● **INFORMATION**
________________________________________
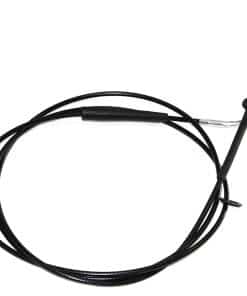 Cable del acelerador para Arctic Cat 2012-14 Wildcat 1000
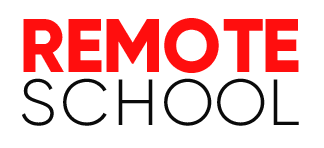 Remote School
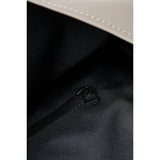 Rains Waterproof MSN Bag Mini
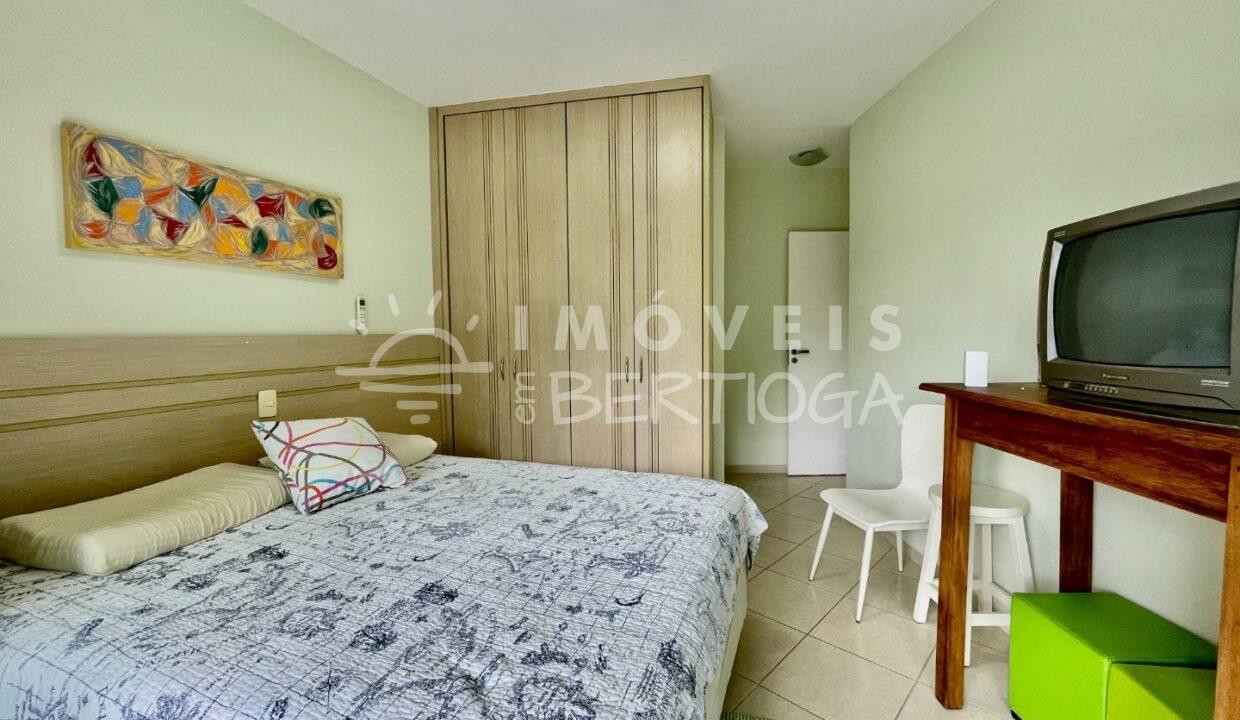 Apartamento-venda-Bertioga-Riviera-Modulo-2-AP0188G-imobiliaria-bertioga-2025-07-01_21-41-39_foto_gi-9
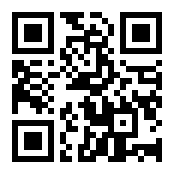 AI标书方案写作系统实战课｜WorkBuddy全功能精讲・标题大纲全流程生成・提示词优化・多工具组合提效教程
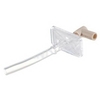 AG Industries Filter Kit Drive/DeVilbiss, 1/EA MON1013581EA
________________________________________
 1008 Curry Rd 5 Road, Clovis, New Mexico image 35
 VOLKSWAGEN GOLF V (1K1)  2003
________________________________________
● **WORK REQUEST**
Please copy, exactly as written, every line in the listing above from the line with "1008 Curry Rd" up to and including the line with "VOLKSWAGEN GOLF V".

● **PROBLEM SOLUTION**
 1008 Curry Rd 5 Road, Clovis, New Mexico image 35
 VOLKSWAGEN GOLF V (1K1)  2003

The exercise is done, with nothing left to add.